In PGZ-treated subjects who reverted to NGT, there was significant increase (P < 0.0001) in ISR (plasma C-peptide deconvolution) (Fig. 5). Nonetheless, plasma insulin response decreased markedly. Although not directly measured, this novel finding most likely is explained by a pronounced increase in the metabolic clearance rate (MCR) of insulin in response to PGZ. The change in insulin MCR cannot be explained by the change in glucose tolerance status, because PGZ-treated subjects who remained with IGT also manifested a significant increase in ISR, while the plasma insulin response still declined. These results clearly demonstrate that PGZ exerts independent effects on IS and insulin MCR, and that the balance between these two effects determines plasma insulin response.

Figure 5.

PG (top) and insulin (middle) concentrations and ISR (bottom) in PGZ-treated IGT subjects who reverted to NGT (left), remained with IGT (middle), or converted to T2DM (right). Data at baseline and at the end of PGZ treatment are shown. For comparison, data for control NGT individuals identified during the screening of participants for the ACT NOW Study are shown.

In subjects who converted to T2DM, PGZ had no effect on IS and the plasma insulin response to hyperglycemia did not change (declined slightly) significantly (Fig. 5).

Factors Associated With Improved β-cell Function After PGZ Treatment

The IS/IR index (ΔISR0–120/ΔG0–120 × MI) is determined by the following: 1) plasma insulin response (ΔISR0–120), 2) increment in PG (ΔG0–120) (i.e., the stimulus for IS), and 3) IR (1/MI). In PGZ-treated subjects who reverted to NGT or remained with IGT, the ISR increased by ~21% and the ISR related to increment in PG rose by 70%, whereas the MI of insulin sensitivity improved by 109% (IGT → NGT group) and 73% (IGT → IGT group), respectively. Thus, all three factors contributed to the improvement in β-cell function ([ΔISR0–120/ΔG0–120] × [MI]) (Fig. 5, bottom panels).

The plasma insulin concentration is the result of a balance between ISR and insulin MCR. In PGZ-treated subjects who reverted to NGT or remained with IGT, plasma insulin response declined (Fig. 5, middle panels), yet the ISR increased. This implies that the insulin MCR must have increased markedly. This is consistent with previous observations that IR is associated with a reduced insulin MCR,[26] whereas improved insulin sensitivity is associated with an increased insulin MCR.[27]

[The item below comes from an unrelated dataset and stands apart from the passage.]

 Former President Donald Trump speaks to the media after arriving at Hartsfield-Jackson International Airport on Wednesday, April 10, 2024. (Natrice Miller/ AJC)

Chronic hyperglycemia, i.e., glucotoxicity, has been shown to impair β-cell function and cause IR in muscle and liver.[8] Consistent with this, the reductions in FPG (r = −0.39, P < 0.0001; r = −0.45, P < 0.0001) and glucose AUC during OGTT (r = −0.63, P < 0.0001; r = −0.49, P < 0.0001) correlated with improvements in ΔI0–120/ΔG0–120 × MI and MI.

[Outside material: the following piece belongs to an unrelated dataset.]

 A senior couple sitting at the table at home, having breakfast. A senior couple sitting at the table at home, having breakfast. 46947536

Metabolic and Clinical Parameters Associated With Final Glucose Tolerance Status

Using the entire cohort of 441 IGT subjects, we performed multivariate logistic regression analysis to examine which factors were associated with end-of-study glucose tolerance status (NGT/IGT vs. T2DM). In the first analysis (after accounting for age, sex, clinical center, and BMI), PGZ treatment was associated with an OR of 0.28 (95% CI 0.15–0.49, P < 0.0001) of developing T2DM. After accounting for the previous variables, including PGZ/placebo, we found that a reduction in plasma insulin response (ΔI0–120/G0–120) (OR 0.44 [95% CI 0.40–0.80]), improvement in the MI of insulin sensitivity (0.83 [0.75–0.93]), and increases in ln IS/IR (0.10 [0.05–0.20]) and ln ISR/IR (0.08 [0.03–0.19]) were protective against the development of T2DM (all P < 0.001).